This record is a partial extract of the original cable. The full text of the original cable is not available.





E.O. 12958: N/A

B. ANKARA 6700
C. ANKARA 6594

1. (SBU) Summary: The IMF and the Turkish Government have
announced agreement on the broad outlines of a new three-year
program. Though final details will need to be wrapped up
before a Letter of Intent can be signed, and an IMF board
vote will not take place until January, the GOT and IMF
succeeded in reaching sufficient agreement to make a joint
announcement prior to the critical EU Council decision on the
start of Turkey's EU accession negotiations later this week.
The $10 billion dollar program is at the low range of what
markets expected: Turkey will be a significant net payer to
the IMF during the three-year program period such that the
program will allow the IMF to gradually reduce its exposure
to Turkey.
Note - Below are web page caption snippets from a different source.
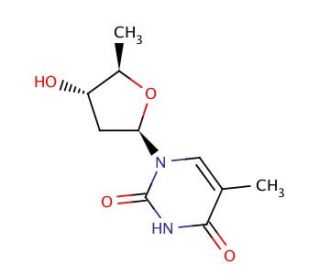 5′-Deoxythymidine (CAS 3458-14-8) - chemical structure image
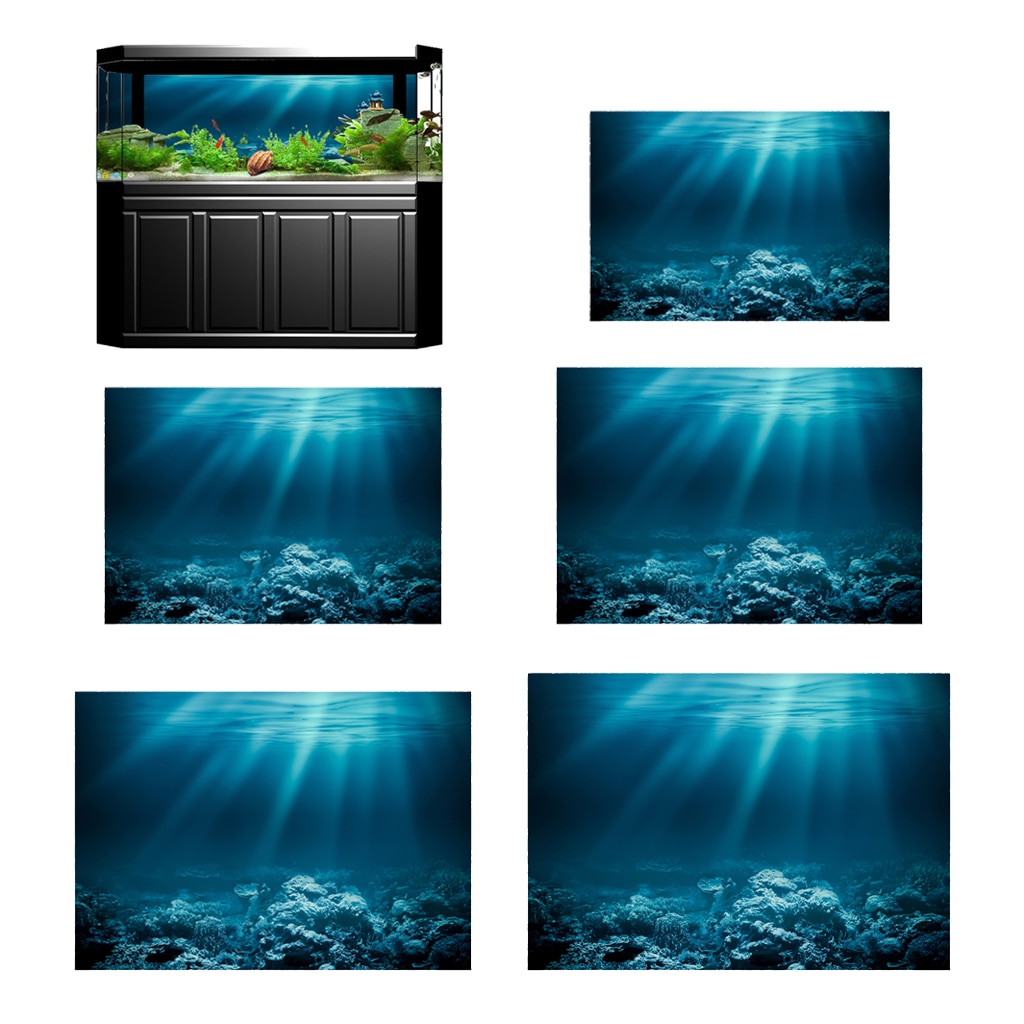 Pared de PVC de un solo lado de fondo de acuario cartel de decoración de tanque de peces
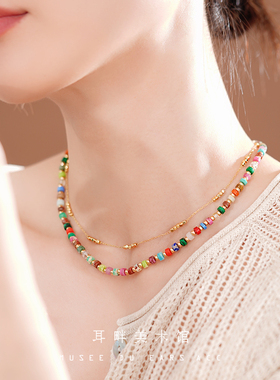 A彩虹天然石串珠项链手链女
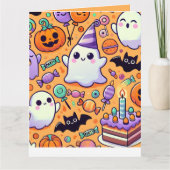 Niedliche Geburtstagskarte Halloween Karte (Vorderseite)
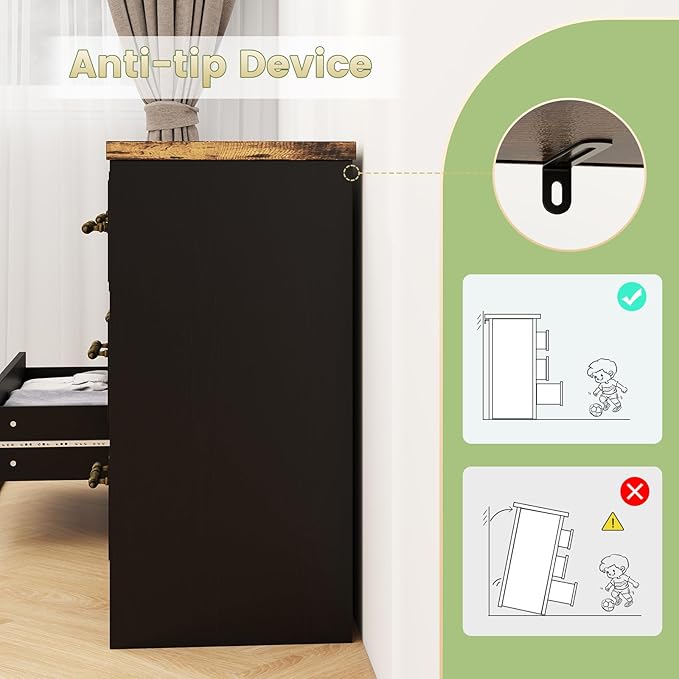SIDUCAL Black Dresser for Bedroom, 7 Drawer Dresser with Vintage Handles, 59" Wide Wooden Vintage Dressers, TV Stand, Modern Dressers & Chests of Drawers for Hallyway, Entryway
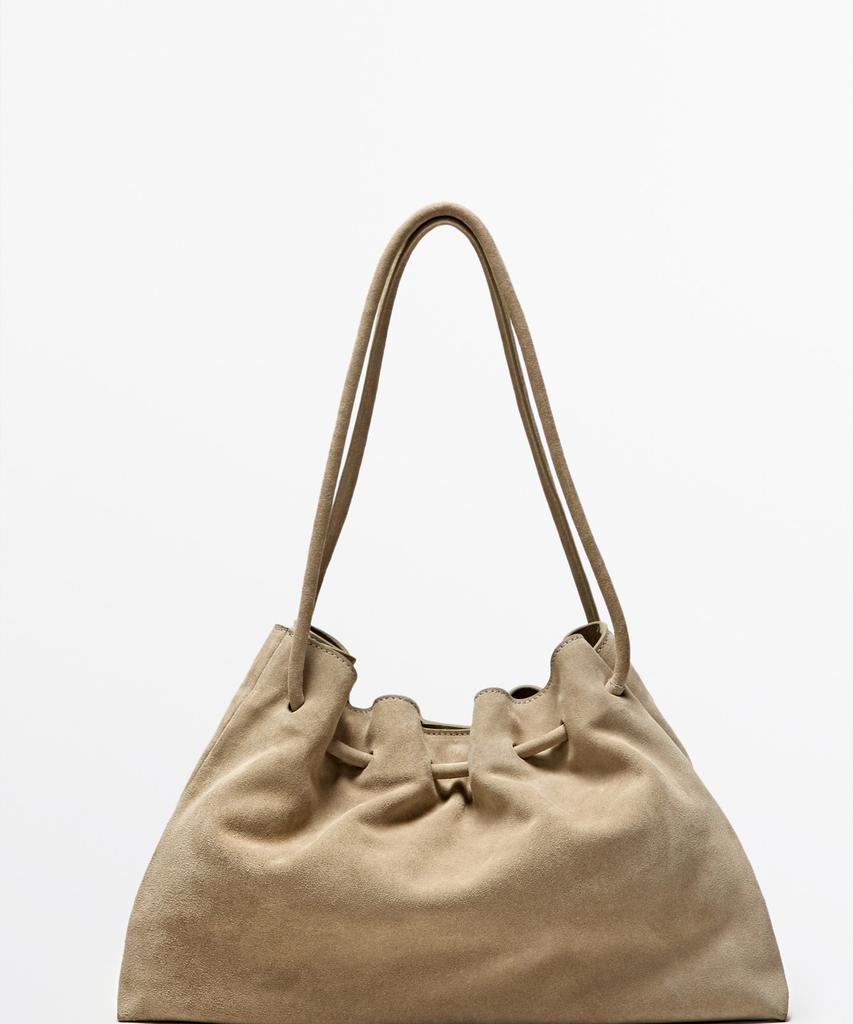 Massimo Dutti Split Suede Pleated Bag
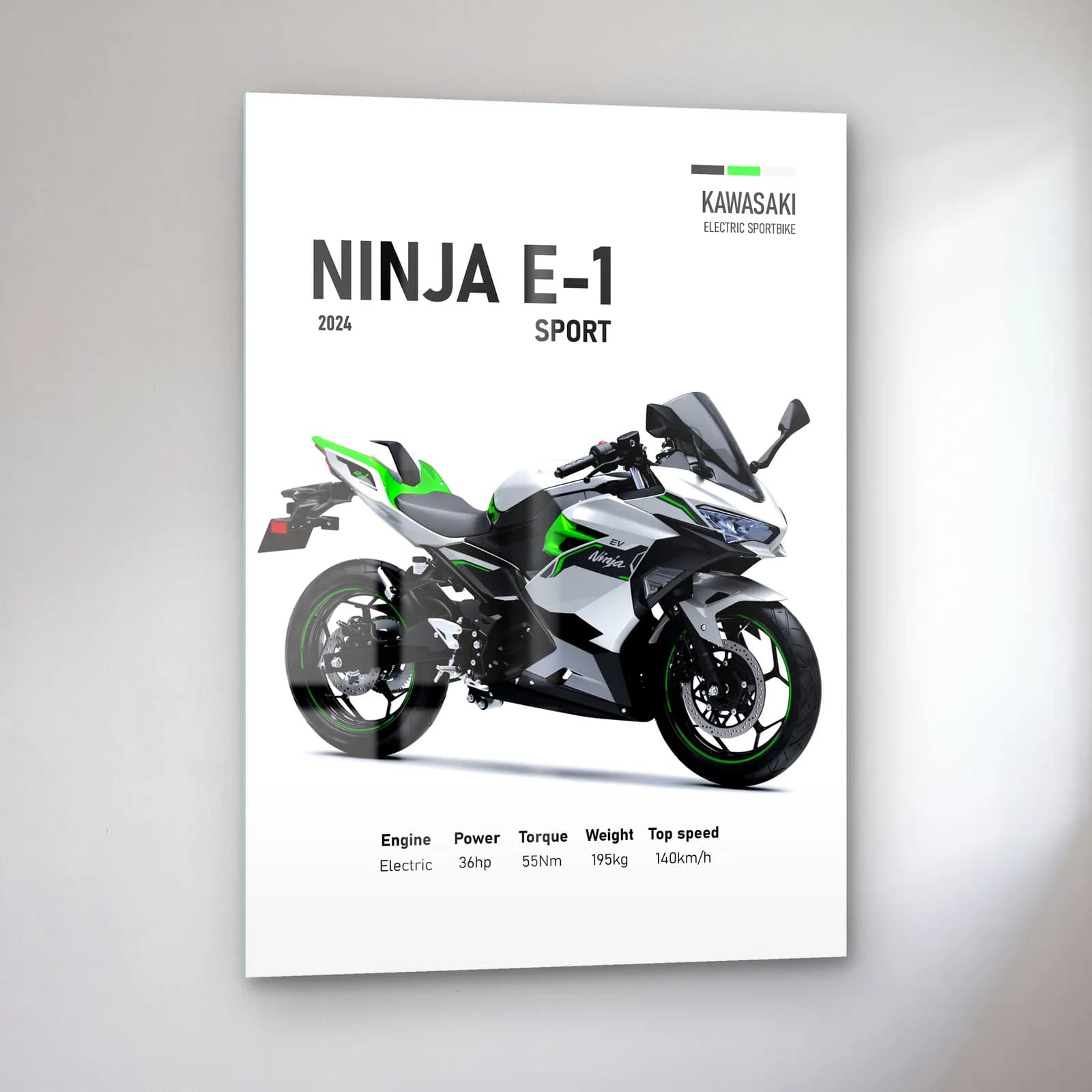 Kawasaki Ninja E-1 Sport 2024 cam tablo — sol açıdan görünüm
Though the GOT was slow to decide it needed the
program and slow to take the measures required, agreement on
a new program is an important milestone in the gradual
stabilization of the Turkish economy. The program is
projected to help Turkey achieve single-digit inflation and
greatly reduce its vulnerability to problems rolling over its
large short-term debt. The program is not a panacea,
however, and Turkey is likely to continue its bumpy economic
ride for some time. End Summary.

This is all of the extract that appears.